Therefore, \(\lim _{j\rightarrow \infty } \int (\phi _j-u) (dd^c w_j)^n =0\). Next, we consider for \(j>k\),

$$\begin{aligned} \int (\phi _j -u_j) (dd^c w_j)^n - \int (\phi _j - u_j) (dd^c w_k)^n = \int (\phi _j - u_j) dd^c (w_j - w_k) \wedge T, \end{aligned}$$

where \(T= T(j,k) = \sum _{s=1}^{n-1} (dd^c w_j)^s \wedge (dd^c w_k)^{n-1-s}\). By integration by parts

$$\begin{aligned} \begin{aligned} \int (\phi _j - u_j) dd^c (w_j - w_k) \wedge T&= \int (w_j - w_k) dd^c (\phi _j -u_j) \wedge T \\&\le \int |w_j - w_k| dd^c (\phi _j + u_j) \wedge T. \end{aligned} \end{aligned}$$

Since \(\Vert w_j \Vert _\infty , \Vert u_j\Vert _\infty \le A\) in \(\Omega \) it follows that

$$\begin{aligned} \begin{aligned} \int _{\Omega } |w_j - w_k| dd^c (\phi _j + u_j) \wedge T&\le A \int _{\{|w_j -w_k|> \varepsilon \}} dd^c (\phi _j + u_j) \wedge T \\&\quad + \varepsilon \int _{\{|w_j -w_k| \le \varepsilon \}} dd^c (\phi _j + u_j) \wedge T \\&\le A^{n+1} cap( |w_j -w_k| > \varepsilon ) + C \varepsilon , \end{aligned} \end{aligned}$$

where the uniform bound for the second integral on the right hand side followed from [10] (see also Corollary 3.4 below). It means that the left hand side is less than \(2C \varepsilon \) for some \(k_0\) and every \(j>k\ge k_0\). Thus,

$$\begin{aligned} \begin{aligned} \int (\phi _j -u_j) (dd^c w_j)^n&\le \int (\phi _j -u_j) (dd^c w_k)^n \\&\quad + \left| \int (\phi _j -u_j) (dd^c w_j)^n - \int (\phi _j - u_j) (dd^c w_k)^n \right| \\&\le \int (\phi _j -u_j) (dd^c w_k)^n + 2C \varepsilon \\&\le \int |u-u_j| (dd^c w_{k})^n + 2 C \varepsilon . \end{aligned} \end{aligned}$$

Fix \(k=k_0\) and apply Corollary 2.2 for \(d\lambda = (dd^c w_{k_0})^n\) to get that for \(j \ge k_1 \ge k_0\)
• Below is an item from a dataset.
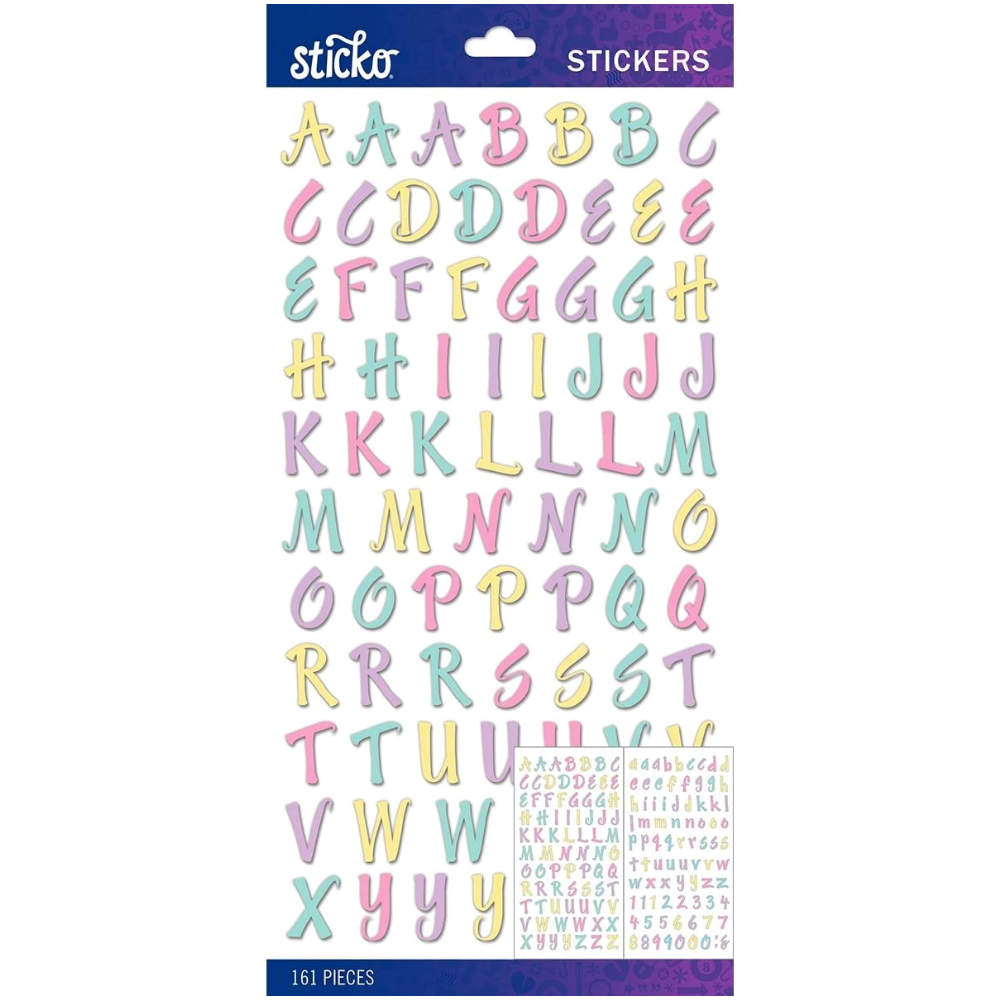 Trendy Pastel Brush Alphabet Stickers / Estampas de Alfabeto Pastel Descontinuado Sticko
$$\begin{aligned} \int (\phi _j -u_j) (dd^c w_j)^n \le (2C + 1) \varepsilon . \end{aligned}$$

Since \(\varepsilon >0\) was arbitrary, the proof of the lemma is completed. \(\square \)

3 Bounded subsolution theorems

Our goal in this section is the proof of Theorem 1.2, but first we shall prove it in the special case of \(M \equiv \Omega \subset {\mathbb {C}}^n\)—a strictly pseudoconvex bounded domain. Then the general statement will follow from this and the balayage procedure. Let \(\mu \) be a positive Radon measure in \(\Omega \) and let \(\varphi \) be a continuous function on the boundary \(\partial \Omega \). Assume that \(\omega \) is a Hermitian form in a neighborhood of \({\bar{\Omega }}\).

Theorem 3.1

Suppose that \(d\mu \le (dd^c v)^n\) for some bounded plurisubharmonic function v in \(\Omega \) with \(\lim _{z \rightarrow \partial \Omega } v(z) =0\). Then exists a unique \(\omega \)-plurisubharmonic function \(u\in PSH(\Omega , \omega ) \cap L^\infty (\Omega )\) solving

$$\begin{aligned} \begin{aligned}&(\omega + dd^c u)^n = d\mu , \\&\lim _{\zeta \rightarrow z} u(\zeta ) = \varphi (z) \quad \text{ for } z\in \partial \Omega . \end{aligned} \end{aligned}$$

(3.1)

We begin with showing that it is enough to prove the statement under additional hypothesis on \(\varphi , d\mu \) and \((dd^c v)^n\). This reduction is done in three steps:

Step 1: One can assume that \(\text{ supp } \mu \) is compact in \(\Omega \). Indeed, let \(u_0 \in PSH(\Omega , \omega ) \cap C^0({\bar{\Omega }})\) be the solution satisfying \(u_0 =\varphi \) on \(\partial \Omega \) and \( (\omega + dd^cu_0)^n = 0\) in \(\Omega \) (it exists thanks to [35, Corollary 4.1]). Let \(\eta _j\) be a non-decreasing sequence of cut-off functions such that \(\eta _j \uparrow 1\) on \(\Omega \). Then, the sequence of solution \(u_j\)’s corresponding to \(\mu _j = \eta _j \mu \) is uniformly bounded by \(u_0 + v \le u_j \le u_0\). Hence, by the comparison principle and the convergence theorem ([18, 35, Corollary 3.4]) they will decrease to the solution for \(\mu \).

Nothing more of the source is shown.